Amyloidosis is a complex group of rare disorders characterized by the deposition of misfolded proteins in the extracellular space of various tissues and organs, leading to progressive organ dysfunction. The kidneys constitute a very common site affected, most notably by immunoglobulin-mediated (light chain, heavy chain, and light and heavy chain amyloidosis), but other types that include serum amyloid A (AA) amyloidosis and leukocyte chemotactic factor 2 amyloidosis, along with mutant proteins in several hereditary forms of amyloidosis such as transthyretin, fibrinogen α-chain, gelsolin, lysozyme, and apolipoproteins AI/AII/AIV/CII/CIII amyloidosis have been incriminated as well. The clinical presentation is variable and can range from minimal proteinuria for leukocyte chemotactic factor 2 amyloidosis to a full-blown nephrotic syndrome for AA amyloidosis.

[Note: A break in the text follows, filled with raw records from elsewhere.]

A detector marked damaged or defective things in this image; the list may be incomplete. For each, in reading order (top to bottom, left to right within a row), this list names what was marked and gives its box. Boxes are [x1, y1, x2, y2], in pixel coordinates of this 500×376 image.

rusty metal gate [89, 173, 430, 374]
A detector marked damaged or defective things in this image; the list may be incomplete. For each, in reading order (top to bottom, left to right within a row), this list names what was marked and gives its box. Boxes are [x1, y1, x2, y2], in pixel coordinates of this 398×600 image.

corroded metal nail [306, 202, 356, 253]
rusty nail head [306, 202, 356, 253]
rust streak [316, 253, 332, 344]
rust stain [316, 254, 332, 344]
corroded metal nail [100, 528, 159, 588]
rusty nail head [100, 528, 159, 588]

Clinical correlation, genetic analysis, and adequate tissue typing through a kidney biopsy are essential to make the correct diagnosis, especially when a family history of amyloidosis is absent. Except for AA and transthyretin amyloidosis, the treatment is usually purely supportive. Kidney transplantation is an acceptable form of treatment for end-stage kidney disease in all types of non-Ig-mediated renal amyloidosis.

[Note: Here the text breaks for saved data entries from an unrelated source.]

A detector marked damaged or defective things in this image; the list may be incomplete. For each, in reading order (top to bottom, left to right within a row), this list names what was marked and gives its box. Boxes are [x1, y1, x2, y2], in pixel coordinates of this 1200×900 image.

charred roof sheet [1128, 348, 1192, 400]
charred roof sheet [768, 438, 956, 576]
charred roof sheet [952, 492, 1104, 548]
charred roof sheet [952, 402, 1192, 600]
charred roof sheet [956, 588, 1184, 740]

淀粉样变性是一组罕见疾病,其特征为错误折叠的蛋白质在各种组织和器官的细胞外空间沉积,导致进行性器官功能障碍。肾脏是受影响的常见部位之一,最常见的是免疫球蛋白介导的(轻链、重链和轻链和重链淀粉样变性),但其他类型的淀粉样变性包括血清淀粉样 A (AA) 淀粉样变性和白细胞趋化因子 2 淀粉样变性,以及几种遗传性淀粉样变性中的突变蛋白,如转甲状腺素蛋白、纤维蛋白原α链、胶凝蛋白、溶菌酶和载脂蛋白 AI/AII/AIV/CII/CIII 淀粉样变性也被认为是病因。临床表现多种多样,从白细胞趋化因子 2 淀粉样变性的微量蛋白尿到 AA 淀粉样变性的完全肾病综合征不等。临床相关性、遗传分析和通过肾脏活检进行充分的组织分型对于做出正确的诊断至关重要,尤其是当家族中没有淀粉样变性病史时。除 AA 和转甲状腺素蛋白淀粉样变性外,治疗通常仅为支持性治疗。对于所有类型的非免疫球蛋白介导的肾淀粉样变性,肾移植是终末期肾病的一种可接受的治疗形式。